When I moved to a boys’ school for sixth form, I became preoccupied with new versions of the old question: why all the desks were covered in swastikas and other Nazi iconography, for example. Why, while sitting alone on a bench in the school gardens, some boys decided to sit down opposite me and joke about cooking Jews in ovens and eating them. Why so many of the students thought it was funny to joke about recreating the Third Reich. I sat in my A-level History lessons, staring at images of prisoners in Nazi extermination camps, alongside the same boys who had grown up in that school and probably participated in its “humorous” and “edgy” Nazi fetishism, trying to make it all fit together. I was very quiet, focusing. Still I couldn’t.

Thus I discovered through first-hand experience that, “ironically” or not, the discourse of fascism remained alive and well, with antisemitism as one of its primary components. Well, I thought, good thing I’m a leftie. We enlightened progressives, so concerned with social justice, know how wrong this is. They’ll protect me.

In the summer of 2019, I tagged along with a friend to a local Labour Party meeting. All the people I chatted to there seemed very pleasant. All the talk was of social justice and proper reform and a bright future for all. Until, during a Q&A, a member of the audience stood up and delivered a tirade about how the accusations of antisemitism against the Labour Party were the result of a smear campaign by the Jews. A conspiracy. I stiffened, as tense as if I had been physically slapped. I looked around, waiting for someone to say something. Waiting for someone to save me.

No one batted an eyelid. I saw a few people nod their heads. The speaker, a high-profile member of the Labour Party to whom the tirade was directed, delivered a weak response about how this perhaps wasn’t entirely true and the allegations did have some substance, but at the end of the day Corbyn was a good chap, and then swiftly changed the topic. I have no idea how the speaker in question truly felt about the antisemitism scandal, but I do know that he wasn’t willing to alienate an antisemite by forcefully condemning his conspiracy theory rhetoric.

At the soonest possible opportunity, I fled the room. I no longer felt safe. I realised fully for the first time that antisemitism predates and transcends modern politics. Antisemitism is not just a problem of the “bad guys”, or of teenagers who think that being offensive is a substitute for a personality. It’s everywhere.
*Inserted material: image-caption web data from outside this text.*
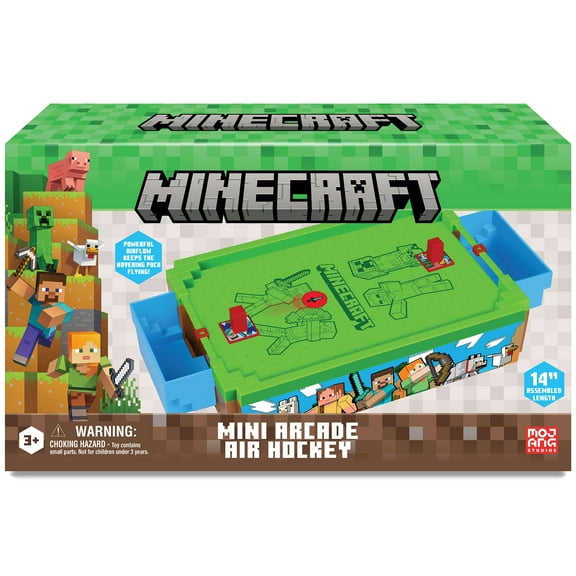 Minecraft: Mini Arcade Air Hockey - Overworld - 14" Motorized Tabletop Game, Iconic Sounds, Customizable Pushers, Licensed, Adults- Kids 3 , 2 Players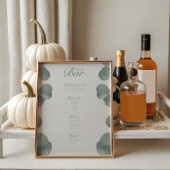 ボエレガントタニカルアイボリー&セージ結婚のバーメニュー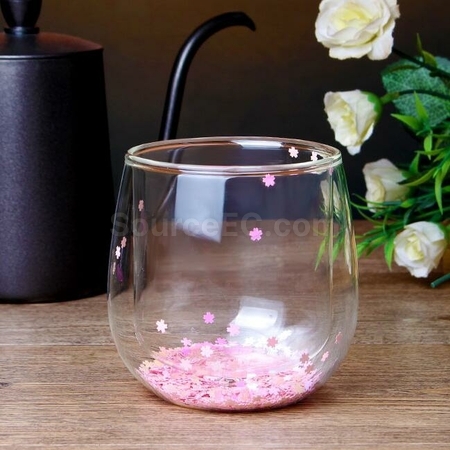 Customization Romantic Cherry Blossom Double Glass Corporate Gifts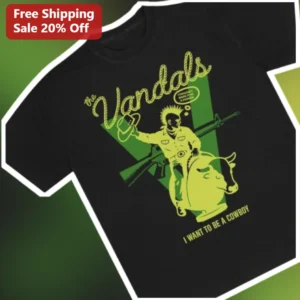 The Vandals I Want To Be A Cowboy Tee SoCal Punk Rock Band Merch Graphic Shirt available at our Los Angeles warehouse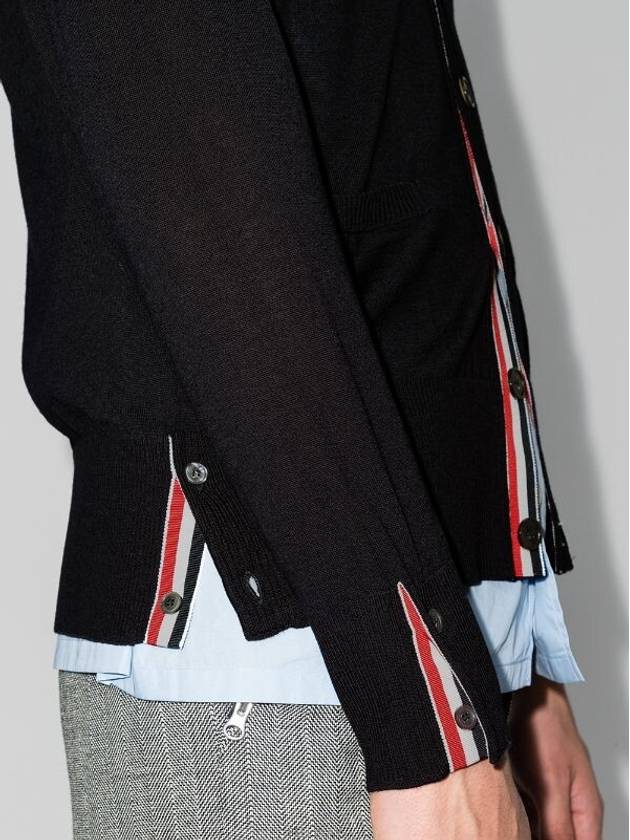 Men's Sustainable Classic Diagonal Wool Cardigan Black - THOM BROWNE - BALAAN 11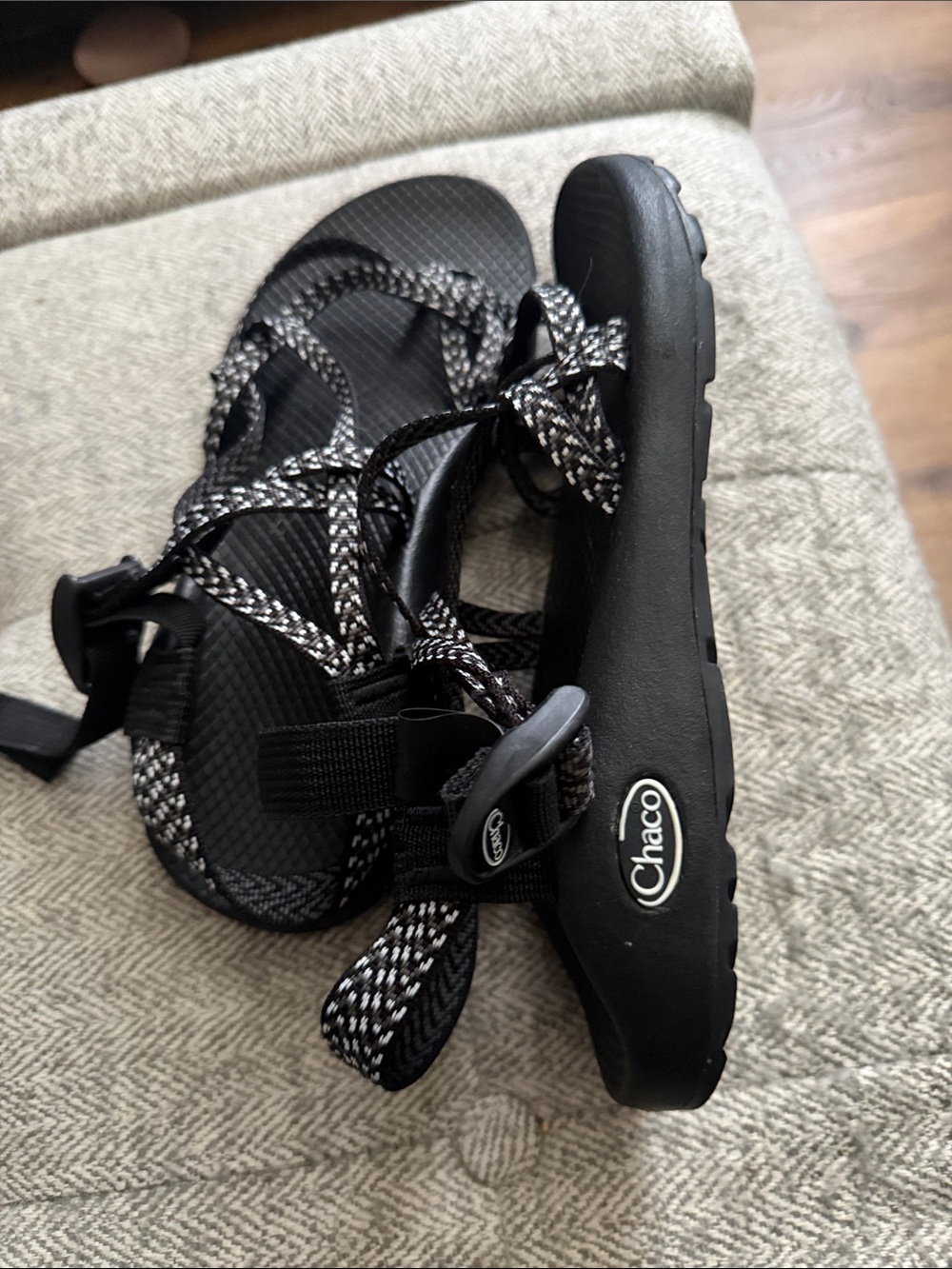 Chaco Women's Black & White Patterned Strappy Sandals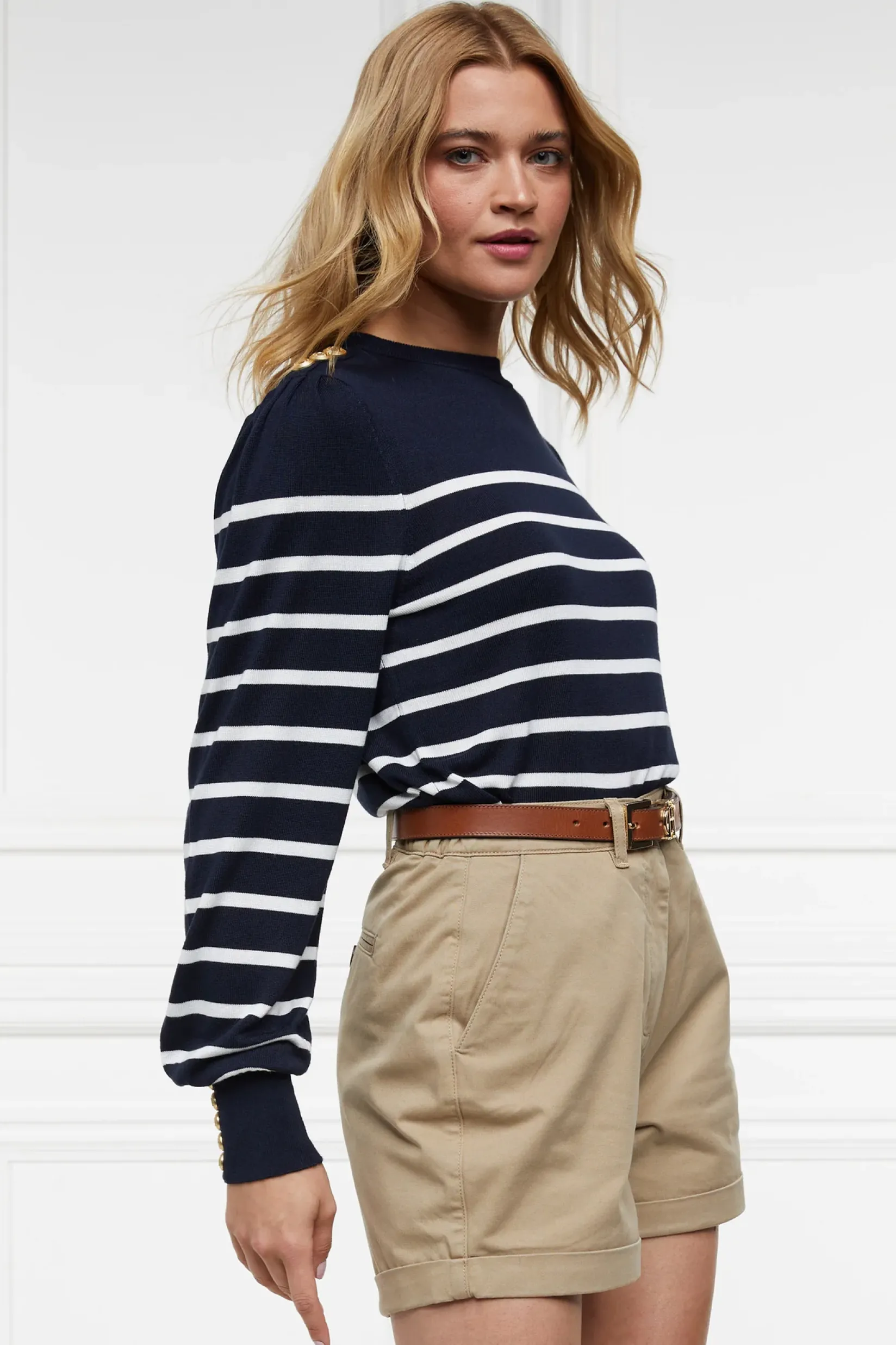Holland Cooper Knitwear-Kelsie Crew Neck Knit Ink Navy Stripe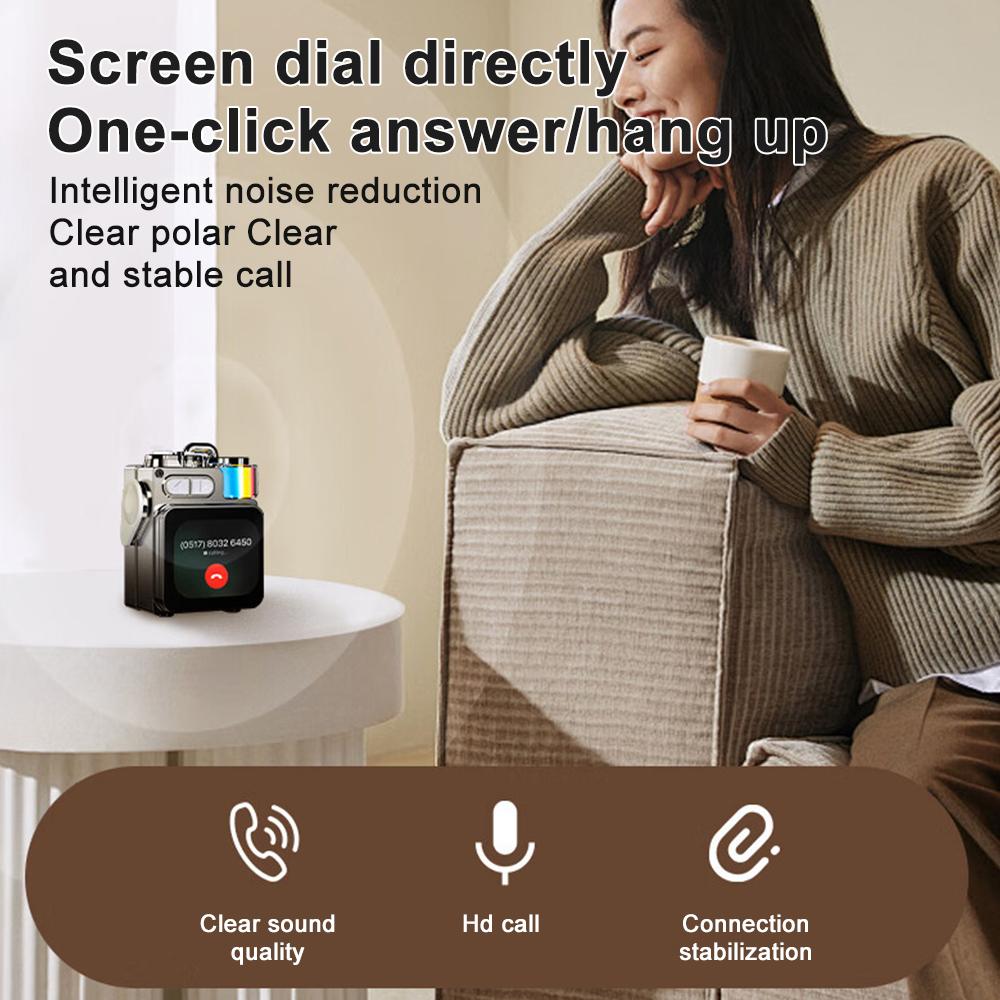 Metal Mechanical Bluetooth Speaker LED Display Screen RGB Desktop Subwoofer Wireless Loudspeaker Support Calendar Alarm Clock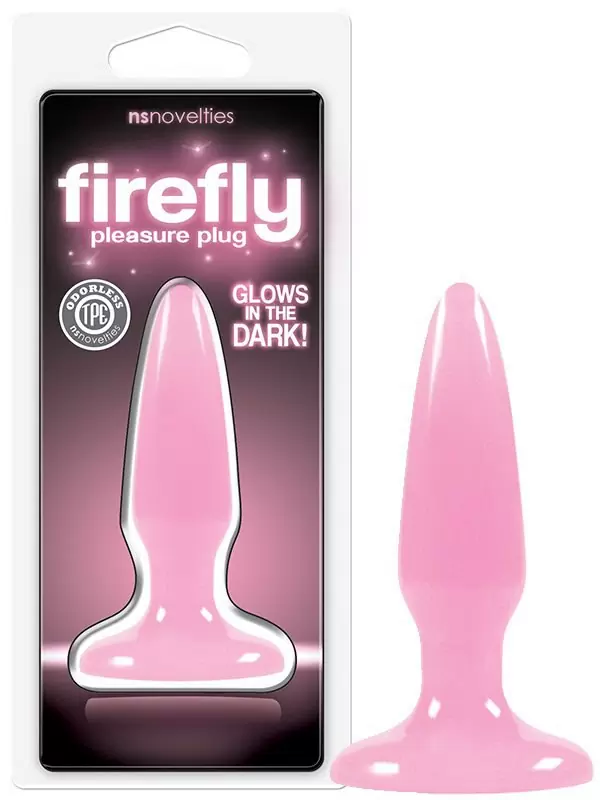 Миниатюрная анальная пробка Firefly Pleasure Plug - Mini светящаяся в темноте – розовый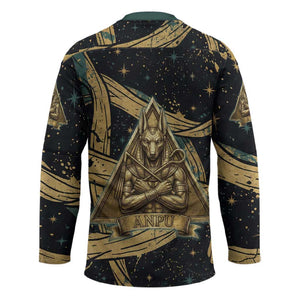 Anubis Ancient Egyptian Hockey Jersey with Starry Mummy Wrap Pattern, Anubis Warrior Illustration, and Pyramid - African Pride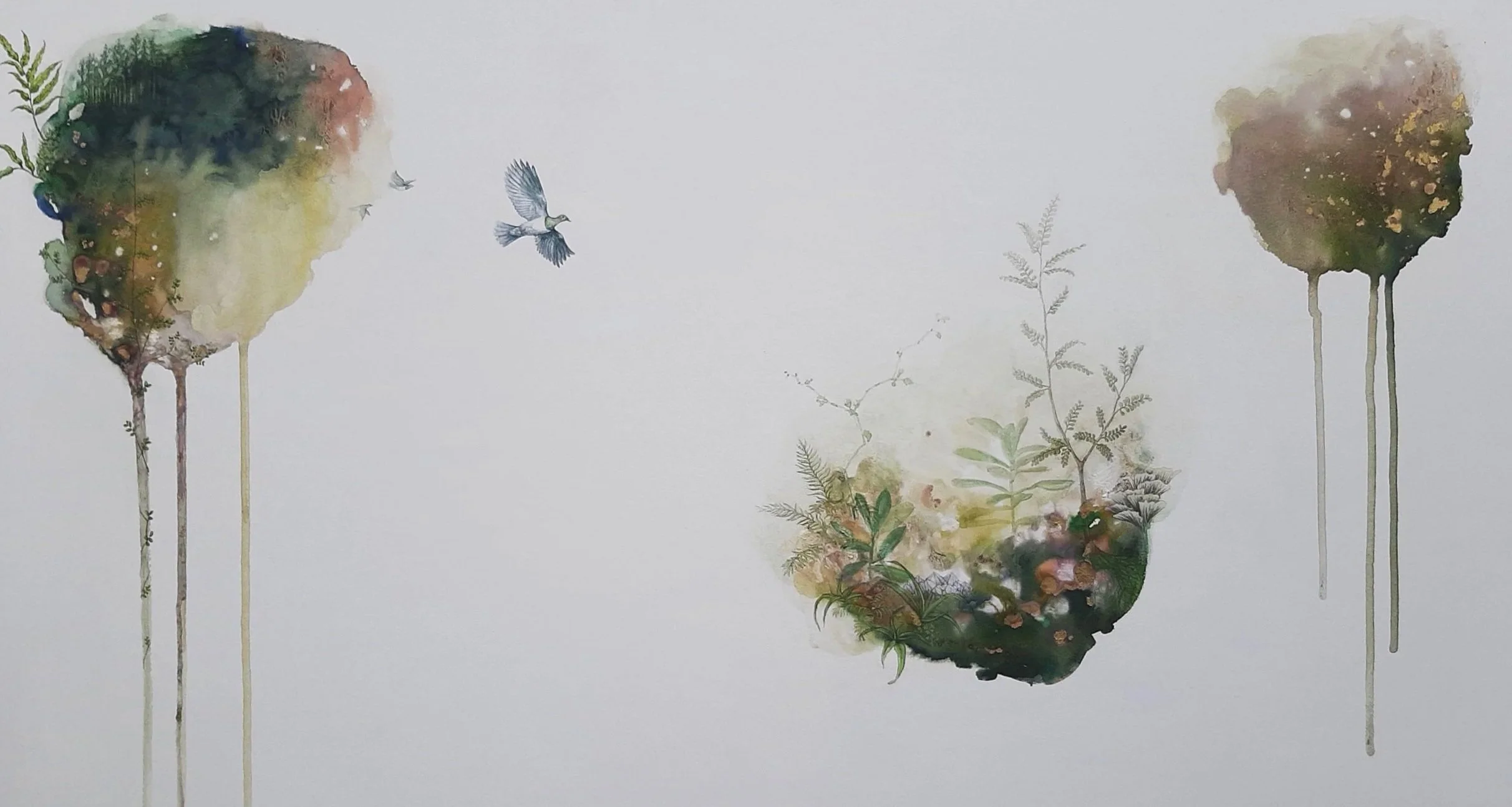 'Pūtaringamoto'
Watercolour & ink on board. 2021
Client commission, SOLD 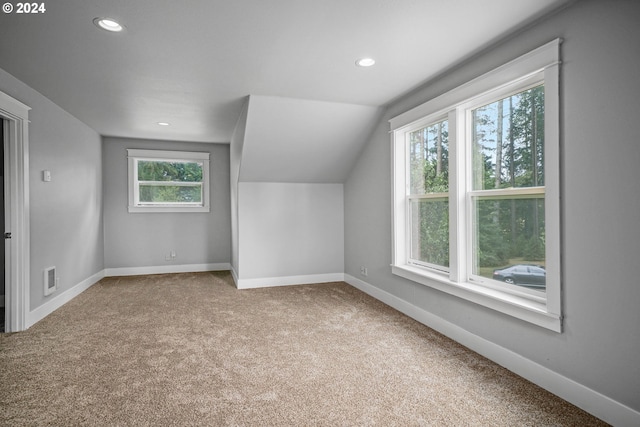 additional living space with a healthy amount of sunlight, vaulted ceiling, and light colored carpet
A little while into my time at university, the switch flipped. I decided I didn’t care anymore about trying to figure out the puzzle: why the Jews? Why us? I was done with being quiet, sure that I must have missed something, sure that what seemed the obvious conclusion couldn’t be right. I remembered my mother’s words: save yourself. And so now I speak up, and I stop trying to comprehend the incomprehensible. I stop being made to feel small and embarrassed and uncertain. I stand tall and I open my mouth and I save myself.

So, I don’t care how many people I alienate, how many people will inevitably see me as the loud Jew, the annoying Jew, the self-important Jew – the Jew who can’t shut up about antisemitism. Because I can’t shut up. No one is coming to save me. So time and again, when I see antisemitism, I do not just drag, but throw myself into the ring. Because that’s what you do when it’s existential. This is the only way I know how to honour adequately the legacy of my family and of our people.

May their memory be a blessing.

May their memory be a revolution.

It is also the only way I know how to respond to – to cope with – my unanswered question, the one I have carried since childhood. Now I have different questions: why is no one coming to save us? Why does no one spot antisemitism until we do? Or, if they do spot it, why do they not care? Or, if they do care, why do they not care enough to speak up for us?

No one is coming to save us. Will you?